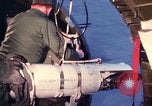 Image of AC 47 crewmen Vietnam Bien Hoa Air Base, 1967, second 37 stock footage video 65675052036
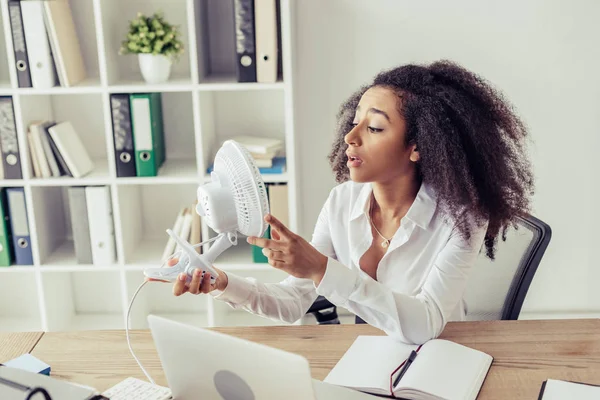 Mujer afroamericana joven sosteniendo ventilador de escritorio mientras está sentada en el lugar de trabajo y sufriendo de calor en la oficina - foto de stock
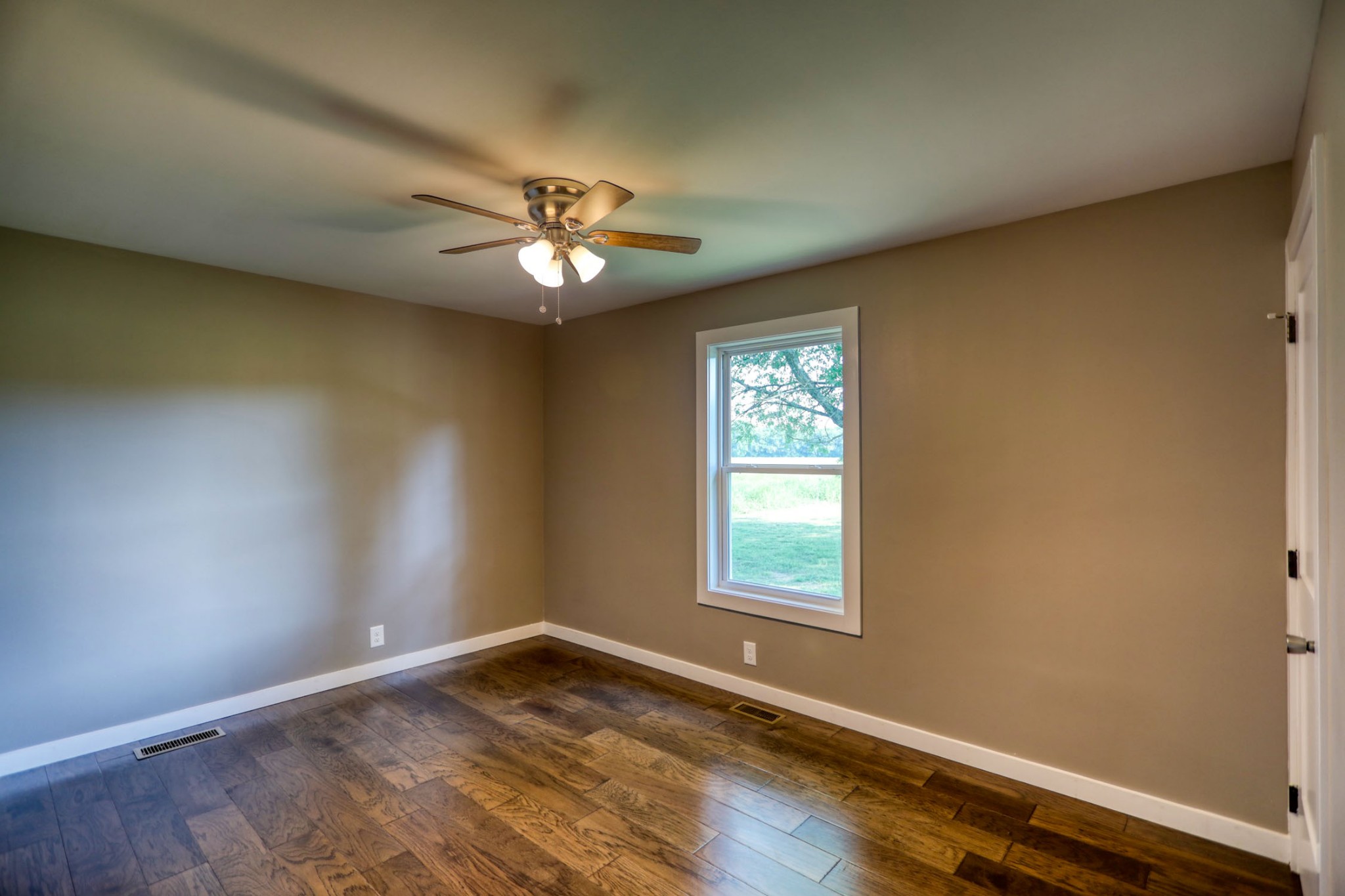 120 Vantrease Road Cottontown, TN 37048 - Photo 23 of 31 a view of empty room with wooden floor and fan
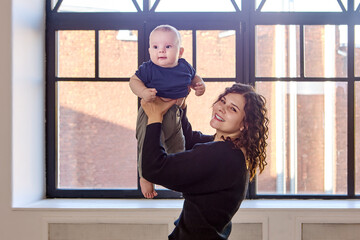 Fototapeta na wymiar Smiling woman is holding little boy in hands indoors.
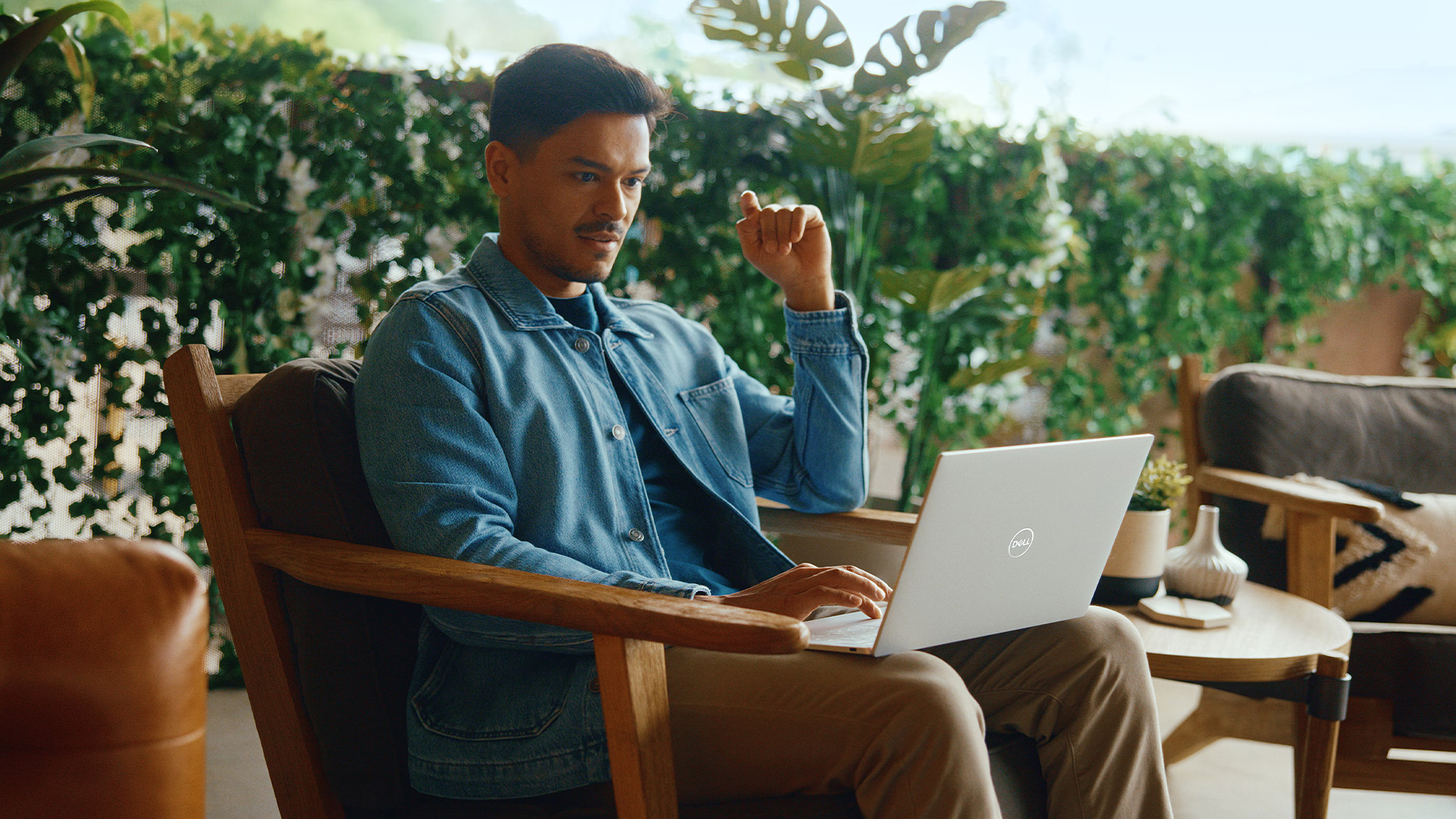 Man sitting on an outdoor patio armchair using a silver Dell laptop.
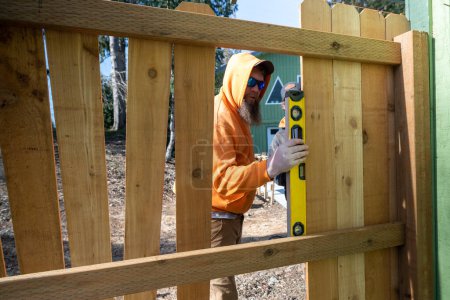 Photo for Using a Level Tool to Measure Wood Pickets on Fence For Leveling on Work in Progress - Royalty Free Image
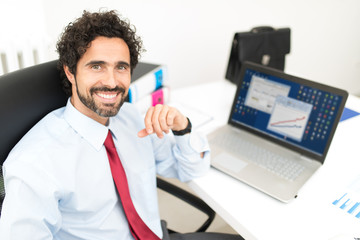 Smiling businessman in his office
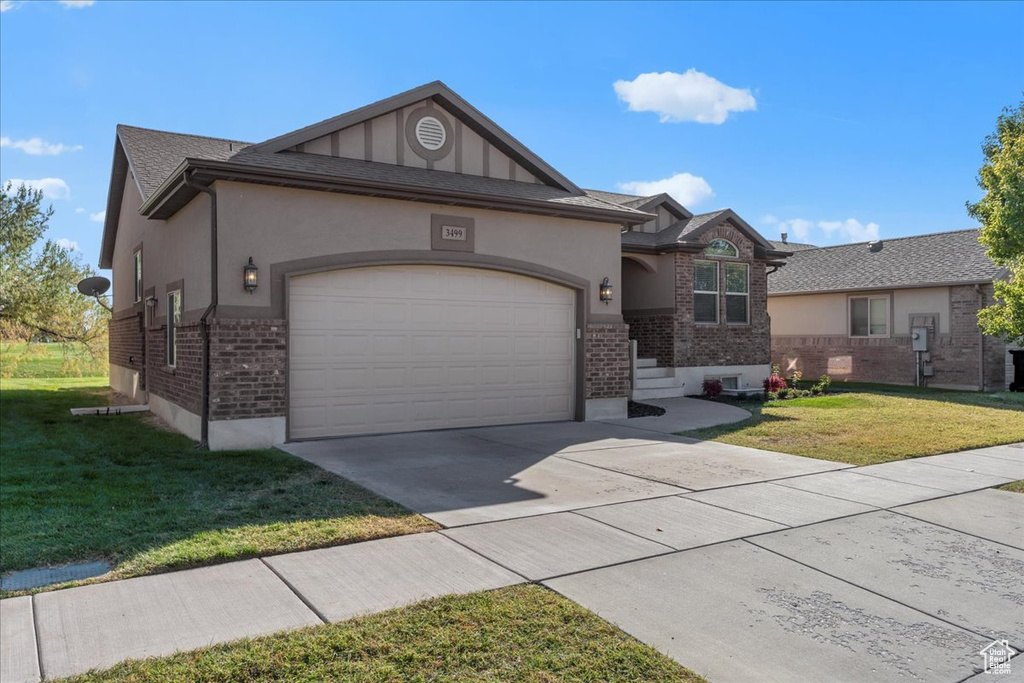 Ranch-style home featuring a front yard and a garage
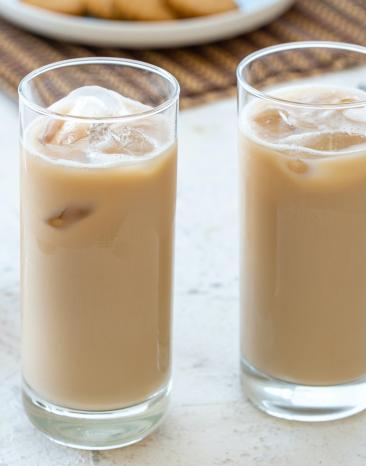 Thailändischer Eistee in zwei Gläsern mit Eiswürfeln.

..............................

### [Work item]
Starting at the line with "Mujer afroamericana joven", output each line through the final one of the listing above, and nothing else. Pictures are to be left out.

### [Written response]
 Mujer afroamericana joven sosteniendo ventilador de escritorio mientras está sentada en el lugar de trabajo y sufriendo de calor en la oficina - foto de stock
 120 Vantrease Road Cottontown, TN 37048 - Photo 23 of 31 a view of empty room with wooden floor and fan
 Fototapeta na wymiar Smiling woman is holding little boy in hands indoors.
 Man sitting on an outdoor patio armchair using a silver Dell laptop.
 Photo for Using a Level Tool to Measure Wood Pickets on Fence For Leveling on Work in Progress - Royalty Free Image
 Smiling businessman in his office
 Ranch-style home featuring a front yard and a garage
 Thailändischer Eistee in zwei Gläsern mit Eiswürfeln.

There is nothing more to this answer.